Als Innovation werden orale GnRH-Antagonisten gesehen, da sie gut wirksam sind und weniger Nebenwirkungen haben als die GnRH-Agonisten. Aromatasehemmer zeigen ebenfalls ein gutes Wirkungsprofil und sind eine Option bei frustranen vorausgegangenen Therapien. Selektive Progesteron- und Östrogen-Modulatoren sind eine weitere Möglichkeit, Endometriose-Patientinnen erfolgreich zu behandeln.
Reproduktionsmedizinisch stellt die In-vitro-Fertilisation die effektivste Behandlung der Endometriose-assoziierten Sterilität dar. Frauen mit Endometriose haben ein erhöhtes Risiko für eine verminderte ovarielle Reserve aufgrund der Pathogenese und vorausgegangenen Operationen an den Ovarien. Extrauterine Graviditäten sind gehäufter, ebenso Aborte, Störungen der Plazentation, Erkrankungen des hypertensiven Formenkreises, Retardierungen und Frühgeburtlichkeit.
Vieles deutet darauf hin, dass es sich bei der Endometriose um eine chronische Systemerkrankung handelt.

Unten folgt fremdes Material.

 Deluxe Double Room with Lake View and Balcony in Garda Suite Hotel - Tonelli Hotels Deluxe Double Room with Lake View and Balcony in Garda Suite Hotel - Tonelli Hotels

Sie ist eine in der Diagnostik herausfordernde Erkrankung, die für die Betroffenen oft massive Einschränkungen verursacht. Chronische Schmerzen, psychische Beeinträchtigungen und Sterilitätsprobleme können miteinander vergesellschaftet sein. Deshalb verlangt eine gute medizinische Betreuung eine sorgfältige Anamnese, zielführende Diagnostik und Kooperation mit einem Endometriose-Zentrum. Eine psychosoziale Unterstützung, neben einer Anbindung an ein reproduktionsmedizinisches Zentrum, sind weitere Schwerpunkte in der Therapie.
Die Frage nach der Ätiologie bleibt spannend und wird in Zukunft zielführend für adäquate Therapieansätze sein.